Denitrifying woodchip bioreactors (WBRs) remove nitrate (${\mathrm{NO}}_3^{-}$) from agricultural drainage water at field-scale, but their efficacy at cold temperatures remains uncertain. This study shows how hydraulic residence time (HRT) controls ${\mathrm{NO}}_3^{-}$ removal and environmental side-effects of WBRs at low water temperature under pilot-scale conditions with controlled operation of nine WBRs (94 dm³). Hydraulic properties were assessed by a bromide tracer test, and ${\mathrm{NO}}_3^{-}$ removal, emissions of nitrous oxide (N₂O) and methane (CH₄), and losses of dissolved organic carbon (DOC) were measured at HRTs of 5-30 h. Inlet ${\mathrm{NO}}_3^{-}$ concentrations were increasingly reduced at higher HRTs.
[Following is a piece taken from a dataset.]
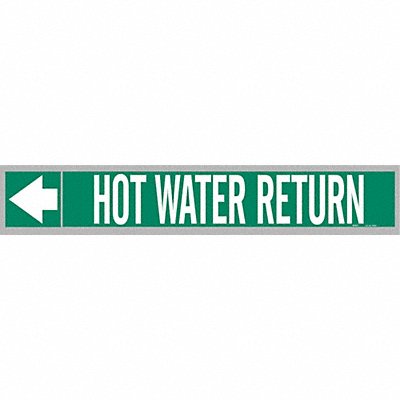 BRADY 109252 Pipe Marker Hot Watr Rtrn 1in H 8in W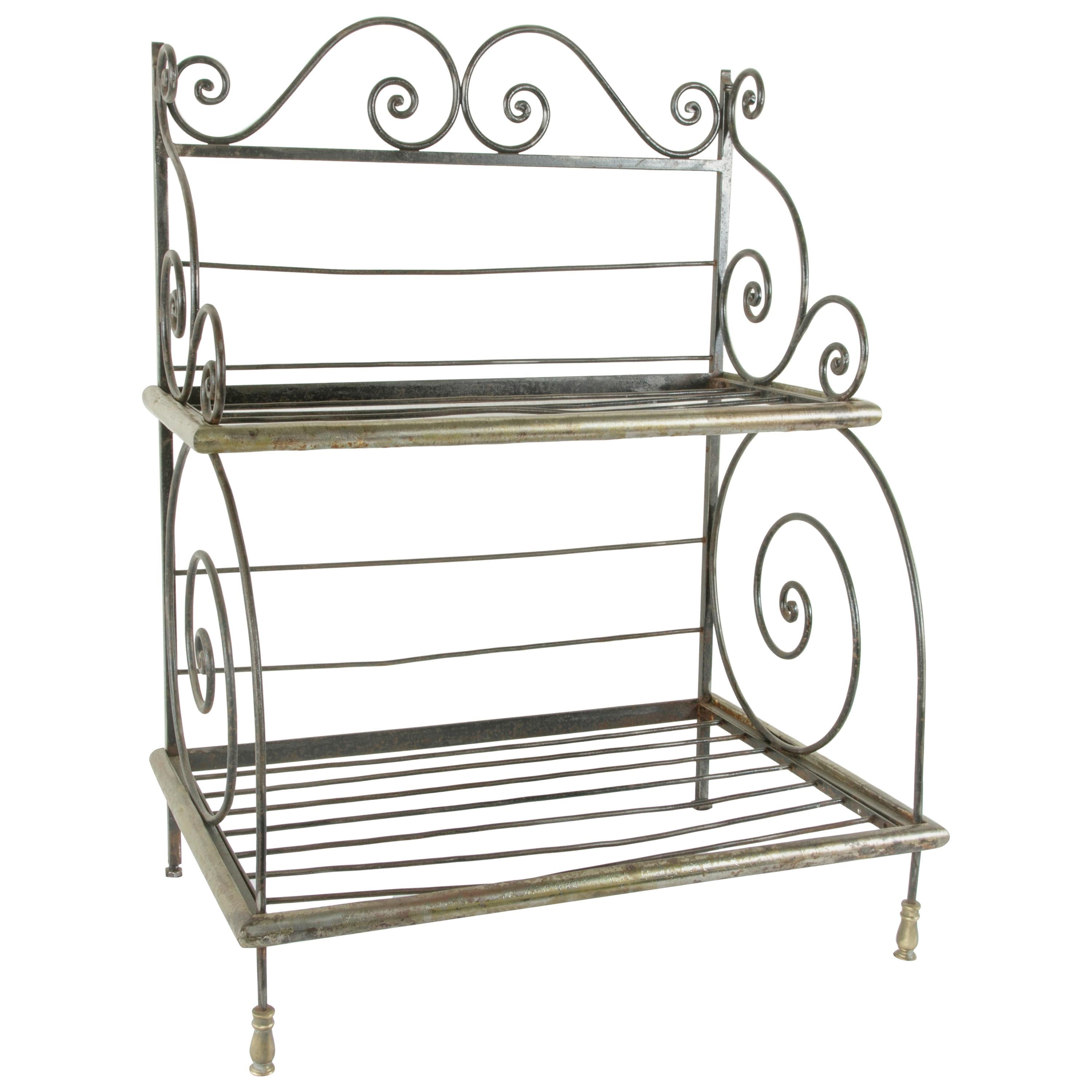 Mid-20th Century French Artisan Made Counter Top Iron and Brass Baker's Rack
The relationship between HRT and the efficiency (%) of ${\mathrm{NO}}_3^{-}$ removal was linear ($R_{adj}^2$ = 0.94), while the relationship between HRT and ${\mathrm{NO}}_3^{-}$ reduction rates (NRR) was logistic ($R_{adj}^2$ = 0.88). Gaseous emissions of N₂O were equally low at HRTs of 10-30 h, but higher at 5 h (P < 0.05). Methane fluxes were small, but with consistent emissions at HRTs of 20-30 h and uptake at 5-15 h. HRT had limited effect on effluent DOC concentrations, but strong effect on mass losses that were five-fold higher (320 mg L^-1) at the HRT of 5 h than at 30 h. In summary, at cold temperatures HRTs of ≤ 20 h resulted in suboptimal NRR, accelerating DOC losses, and increased risk of N₂O losses at least below a threshold HRT of 5-10 h. HRTs of 20-30 h gave maximal NRR, smallest losses of DOC and N₂O, but an increased risk of CH₄ emissions.